Chez Aurel BGC, on ajoute d'autres facteurs de risque : d'abord, la croissance de Monsanto est devenue faible. De plus, le groupe américain souffre 'd'une image catastrophique dans l'opinion, (et est) aussi confronté à de nombreuses difficultés dans certains pays où sa présence n'est plus franchement désirée'. Alors que par ailleurs, le Gaucho réputé 'tueur d'abeilles' ternit déjà l'image de Bayer. Ce qui constitue selon le spécialiste 'un risque significatif en termes de réputation.'

De plus, est-il si sûr que la demande agrochimique ne peut qu'augmenter ? “Certains champs sont déjà saturés en produits phytosanitaires et il n'est pas exclu que la tendance à l'avenir aille vers un moindre recours aux pesticides”, indique Aurel BGC, certains pays ayant fait de la réduction de la consommation de ces produits un objectif politique. “Si le potentiel de croissance semble substantiel dans les émergents car l'accroissement des rendements agricoles sera indispensable, Monsanto n'est pas forcément le mieux placé pour en profiter. Ses OGM effraient, l'historique du groupe dans des pays comme l'Inde pourrait dissuader les agriculteurs d'autres pays”, ajoute encore le spécialiste.

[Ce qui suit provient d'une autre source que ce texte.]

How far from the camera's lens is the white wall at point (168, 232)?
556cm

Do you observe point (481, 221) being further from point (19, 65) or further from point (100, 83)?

En outre, gare à la concurrence. “Après les deux opérations très structurantes pour le secteur que sont les rapprochements Dow Chemical - DuPont et Syngenta - ChemChina (...), il n'est pas évident que l'antitrust perçoive favorablement l'émergence d'un nouveau géant”, relève l'analyste parisien.

Enfin, le risque d'échec des méga-fusions est réel. Le mariage manqué d'Allergan et de Pfizer en constitue un exemple. Et dans un domaine connexe, les engrais, le rapprochement de l'américain CF Industries et du néerlandais OCI vient juste d'échouer.

Pour l'heure, ce qui est sûr, c'est que l'action Bayer continue de souffrir : alors qu'elle tutoyait son record vers 140 euros voilà un an, son mouvement de baisse s'est accéléré ces derniers jours et la ramène vers 86 euros.